🤖 AI Summary
Conventional few-shot learning (FSL) methods relying solely on class-name text embeddings suffer from insufficient visual representation diversity. Method: This paper proposes BCT-CLIP, which leverages large language models (LLMs) to automatically discover discriminative dominant attributes from images, enabling fine-grained and multi-granular visual representations beyond coarse category names. It introduces a Multi-Attribute Generator (MPG) and a clustering-based pruning mechanism for attribute refinement, and incorporates attribute-level contrastive learning to jointly encode global category semantics and local patch-aware features. The framework integrates LLM guidance, cross-modal cross-attention, and contrastive learning to significantly enhance inter-class discrimination.
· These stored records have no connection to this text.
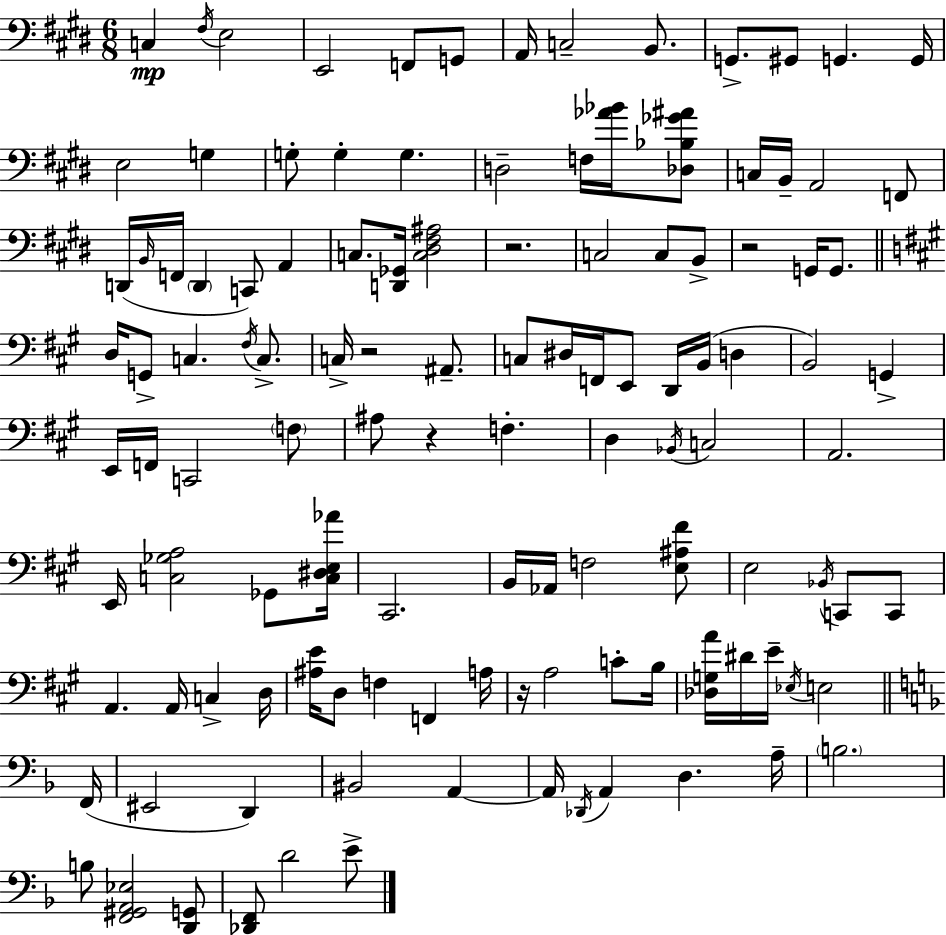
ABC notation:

X:1
T:Untitled
M:6/8
L:1/4
K:E
C, ^F,/4 E,2 E,,2 F,,/2 G,,/2 A,,/4 C,2 B,,/2 G,,/2 ^G,,/2 G,, G,,/4 E,2 G, G,/2 G, G, D,2 F,/4 [_A_B]/4 [_D,_B,_G^A]/2 C,/4 B,,/4 A,,2 F,,/2 D,,/4 B,,/4 F,,/4 D,, C,,/2 A,, C,/2 [D,,_G,,]/4 [C,^D,^F,^A,]2 z2 C,2 C,/2 B,,/2 z2 G,,/4 G,,/2 D,/4 G,,/2 C, ^F,/4 C,/2 C,/4 z2 ^A,,/2 C,/2 ^D,/4 F,,/4 E,,/2 D,,/4 B,,/4 D, B,,2 G,, E,,/4 F,,/4 C,,2 F,/2 ^A,/2 z F, D, _B,,/4 C,2 A,,2 E,,/4 [C,_G,A,]2 _G,,/2 [C,^D,E,_A]/4 ^C,,2 B,,/4 _A,,/4 F,2 [E,^A,^F]/2 E,2 _B,,/4 C,,/2 C,,/2 A,, A,,/4 C, D,/4 [^A,E]/4 D,/2 F, F,, A,/4 z/4 A,2 C/2 B,/4 [_D,G,A]/4 ^D/4 E/4 _E,/4 E,2 F,,/4 ^E,,2 D,, ^B,,2 A,, A,,/4 _D,,/4 A,, D, A,/4 B,2 B,/2 [F,,^G,,A,,_E,]2 [D,,G,,]/2 [_D,,F,,]/2 D2 E/2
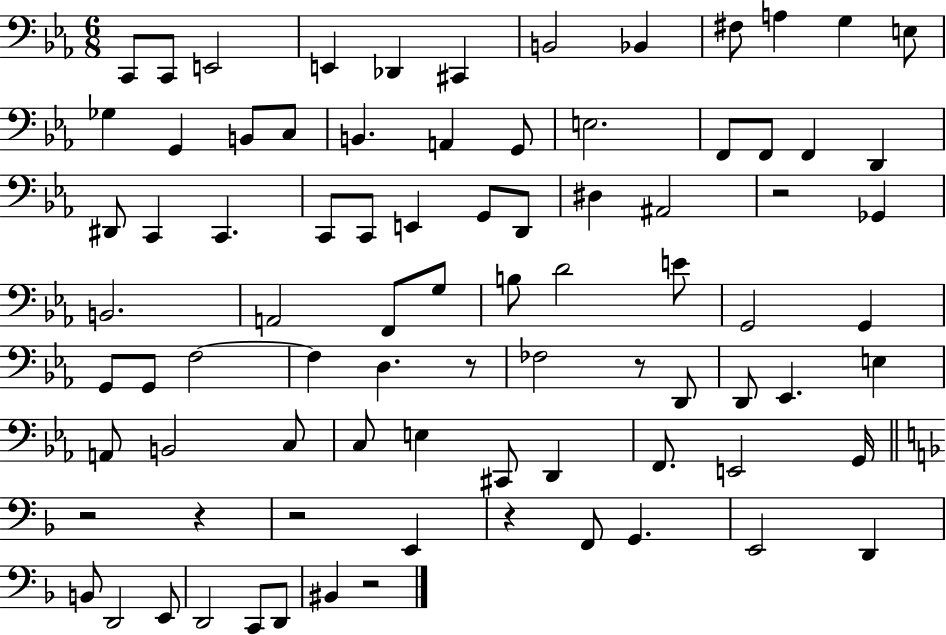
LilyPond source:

{
  \clef bass
  \numericTimeSignature
  \time 6/8
  \key ees \major
  \repeat volta 2 { c,8 c,8 e,2 | e,4 des,4 cis,4 | b,2 bes,4 | fis8 a4 g4 e8 | \break ges4 g,4 b,8 c8 | b,4. a,4 g,8 | e2. | f,8 f,8 f,4 d,4 | \break dis,8 c,4 c,4. | c,8 c,8 e,4 g,8 d,8 | dis4 ais,2 | r2 ges,4 | \break b,2. | a,2 f,8 g8 | b8 d'2 e'8 | g,2 g,4 | \break g,8 g,8 f2~~ | f4 d4. r8 | fes2 r8 d,8 | d,8 ees,4. e4 | \break a,8 b,2 c8 | c8 e4 cis,8 d,4 | f,8. e,2 g,16 | \bar "||" \break \key d \minor r2 r4 | r2 e,4 | r4 f,8 g,4. | e,2 d,4 | \break b,8 d,2 e,8 | d,2 c,8 d,8 | bis,4 r2 | } \bar "|."
}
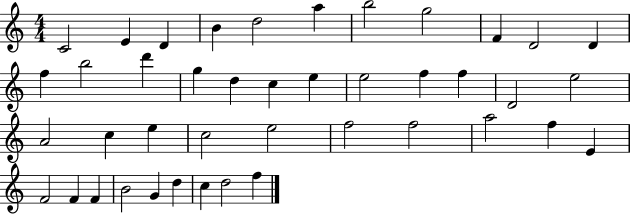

Contribution/Results: BCT-CLIP achieves state-of-the-art performance across 11 mainstream FSL benchmarks, empirically validating that dominant attribute mining is critical for improving few-shot generalization.
📝 Abstract
Few-shot Learning (FSL), which endeavors to develop the generalization ability for recognizing novel classes using only a few images, faces significant challenges due to data scarcity. Recent CLIP-like methods based on contrastive language-image pertaining mitigate the issue by leveraging textual representation of the class name for unseen image discovery. Despite the achieved success, simply aligning visual representations to class name embeddings would compromise the visual diversity for novel class discrimination. To this end, we proposed a novel Few-Shot Learning (FSL) method (BCT-CLIP) that explores extbf{dominating properties} via contrastive learning beyond simply using class tokens. Through leveraging LLM-based prior knowledge, our method pushes forward FSL with comprehensive structural image representations, including both global category representation and the patch-aware property embeddings. In particular, we presented a novel multi-property generator (MPG) with patch-aware cross-attentions to generate multiple visual property tokens, a Large-Language Model (LLM)-assistant retrieval procedure with clustering-based pruning to obtain dominating property descriptions, and a new contrastive learning strategy for property-token learning. The superior performances on the 11 widely used datasets demonstrate that our investigation of dominating properties advances discriminative class-specific representation learning and few-shot classification.